Il Padre lì sul monte della bellezza aveva detto l’ultima sua parola: Questi è il Figlio mio, l’amato, in cui mi sono compiaciuto. Ascoltatelo! Sintesi straordinaria questa di tutto il cammino dell’Alleanza, cioè di tutta la ricerca amorosa di Dio nei confronti dell’uomo: il figlio amato ci ricorda Isacco (Prendi tuo figlio, il tuo unigenito, l’amato, Isacco … e offrilo in olocausto cfr Gen 22, 2); la compiacenza di Dio ci ricorda che è il Servo sofferente (Ecco il mio servo: io lo sosterrò. Il mio eletto in cui mi compiaccio cfr Is 42, 1); il comando dell’ascolto ci conduce poi alla radice di tutta la fede biblica: una permanente richiesta di ascolto su cui si fonda l’Alleanza (Sh’mà, Israel … ascolta, Israele cfr Dt 6, 4). Quell’antico Sh’mà ha ora però una convergenza inimmaginabile, l’ascolto richiesto è un ascoltare Lui, il Figlio amato, il Servo, Colui che è la compiacenza di Dio: Gesù!

Come la luce della bellezza, così anche l’ascolto ora riposa su un uomo, sull’uomo Gesù. Ascoltare Lui compie l’antico Sh’mà come ci vien detto dal colloquiare di Gesù con Mosè ed Elia che avevano tracciata la strada dell’attesa; Mosè che aveva detto Il Signore tuo Dio susciterà per te, in mezzo a te, tra i tuoi fratelli, un profeta pari a me. Ascoltatelo (cfr Dt 18,15); Elia che la sapienza di Israele afferma che dovrà tornare per preparare la via al Messia (cfr Mal 3, 23-24).

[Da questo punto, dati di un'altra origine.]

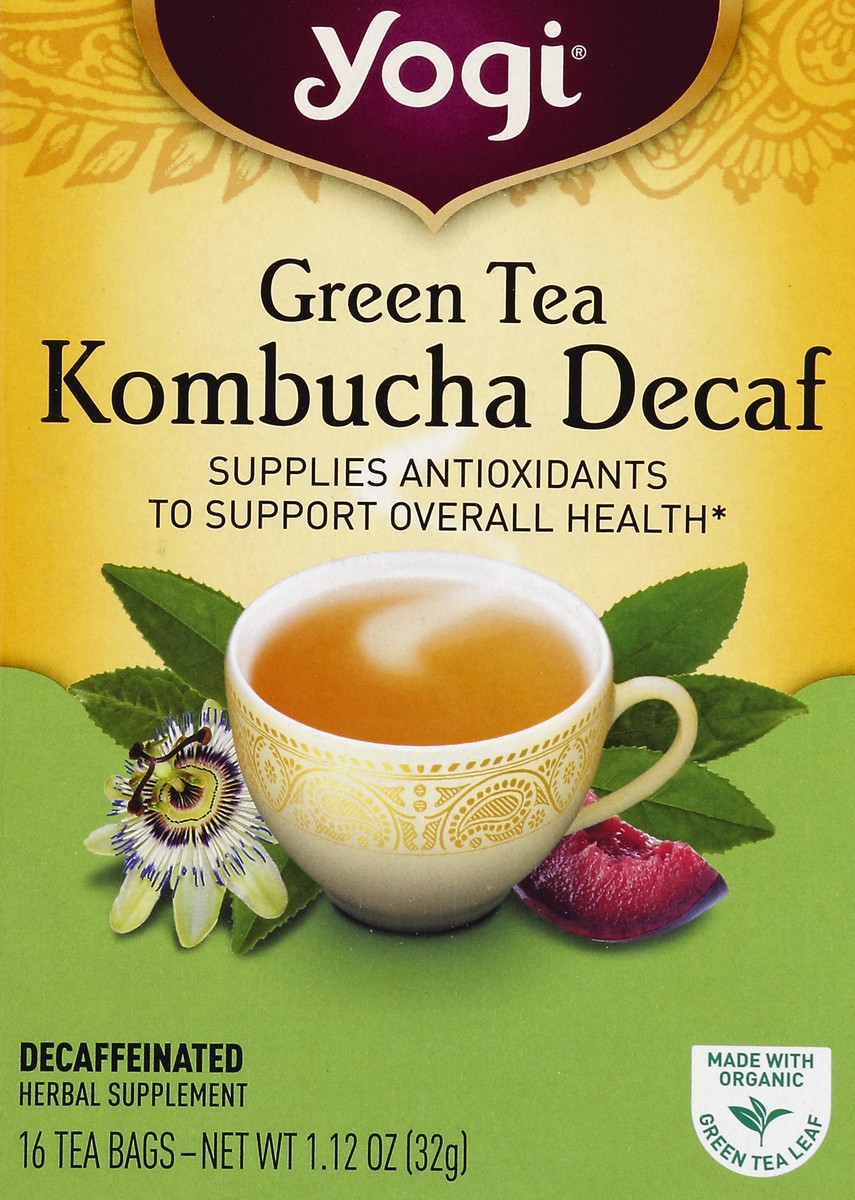 slide 4 of 4, Yogi Green Tea Kombucha Decaf Tea Bags, 16 ct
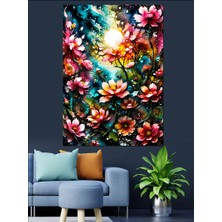 Pembe Çiçekler Dekoratif Kanvas - Mdf Ahşap Tablo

Matteo ci dice che al termine della manifestazione luminosa tutto torna come prima e che i tre discepoli non videro più nessuno se non Gesù solo. Resta solo Gesù e neanche più ammantato di luce … resta Gesù e basta. E’ quel Gesù quotidiano, vorrei dire ordinario, che bisogna ascoltare con coraggio; è quel Gesù “e basta” che bisogna avere il coraggio di seguire per strade che devono attraversare il dolore, l’inferno e la morte. Nella passione quel Gesù racconterà incredibilmente la bellezza e porterà il Regno al cuore del dolore del mondo! Chi ha il coraggio di obbedire alla voce del Padre, ascoltando il Figlio amato, parteciperà con Lui e per Lui alla straordinaria impresa di trasformare il mondo portando la bellezza di Dio ed il suo Regno al cuore dell’uomo ma partendo dall’abisso del dolore. Il Centurione, dinanzi alla croce del Figlio dell’uomo, dinanzi al suo grido inarticolato ed alla sua morte riconoscerà paradossalmente quel bagliore del Regno … capirà che l’orrore della morte è stato abitato dalla bellezza di Dio: Davvero costui era il Figlio di Dio! (cfr Mt 27, 54).

L’Evangelo di oggi si chiude con un silenzio carico di domande, di attese … i tre discepoli scendono in silenzio … il quotidiano non è il Tabor: quando si intravede e si gusta la bellezza di Dio, bisogna subito andare alla vita per portare il Regno al cuore del mondo.

Dal Tabor si scende in silenzio, “ruminando” le parole dell’Evangelo e della promessa e puntando con coraggio, con Gesù, verso Gerusalemme. A Gerusalemme la luce del Regno, che sul Tabor sfolgora sul volto di Cristo, sarà donata ad ogni uomo! La via  sarà quella della croce ma la meta è la pace gioiosa della Pasqua! Ricordiamo sempre che la Quaresima non è un riposo, è cammino!

La Pasqua è ingresso nel riposo! Intanto, allora, buon cammino.